FMI uses a “4C model” to illustrate the context of profitable growth (see Exhibit 2). Start with the business climate you’re operating in (e.g., demographics, per capita income, government regulations, research and development, economic cycles), then dig into the changes, expectations and needs of customers. Since they’re the ones who will be buying your services, find out what criteria they use to select designers. Ask them about the competition (the third “C” in the model): find out what competitors are good at and how you can improve.
The last “C” in the model is your company and what you’re truly good at, simply average at and where you might lag behind the best designers in the market.
The 4 Cs come together to create the context behind crafting your go-to-market strategy. Simply put, that strategy identifies which market slice you’ll pursue, the right customers to target, your ideal projects (i.e., sweet spot) and your market differentiation.
3. Build a compelling story. You don’t have to be 100% differentiated from your competition; the key is identifying things you currently do (or could expand upon) that would create more value for your customers. If you simply match the competition already in the market slice, expect heavy price competition from entrenched designers. You need a story that explains to customers why YOU are the right choice for their project. Back up your story with proof that you can really deliver that additional value — and guess what? Customers will listen.
4. Build your go-to-market strategy. This strategy will help you define which customers to target and connect with before an RFP is issued — the point at which customers will be the most open to meeting and talking with you. You need to get in early and deep to build project-winning advantage. Exhibit 3 shows several key elements of a go-to-market strategy.
Remember, it’s in the customer’s best interest to have multiple designers chasing a project. But you don’t want to be just a number. Find ways to stand out and add value for your customers, then build your strategy around that value proposition.
5. Think like the customer. What about a given project is the same and what’s different from the customer’s other projects? What is the project’s business purpose? Who are the key end users that need to be included in the decision? What’s something the customer has struggled with getting other designers to hone in on?
Find out what the customer wants and why it’s important. What value do you bring that the competition lacks? Keep in mind that people spend more on things considered valuable. See if you can find something the customer values that your organization can deliver better than anyone else.
6. Put your time into your strategy. Build organizational capacity that’s centered on a key area of focus, such as spending time with customers in advance of submitting a bid. Remember that everyone is busy, so even when you do a good job targeting specific customers, many other things will be vying for your attention.

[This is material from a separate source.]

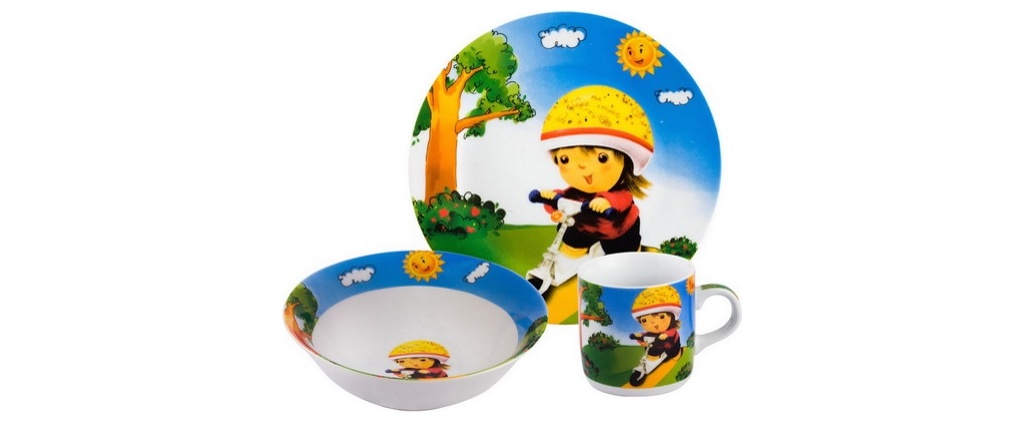 Набор для завтрака керамический детский 3 пр.: Тарелка 18 см, Салатник 15,3 см, Чашка 230 мл Арт 67227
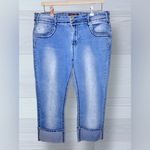 ANGELS Women’s Y2K Embroidered Capri Denim Jeans Blue Size 12 Photo 1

Why put millions of dollars toward trying to win bids and customers? Chasing work may be necessary for designers, but there are ways to make it less costly — and firms with solid bidding strategies are generally more successful and profitable than their hastier counterparts.
Getting smart about your go-to-market strategy, picking the right customers and pre-positioning yourself for the win will help you set up your company to gain profitable market share without breaking the bank.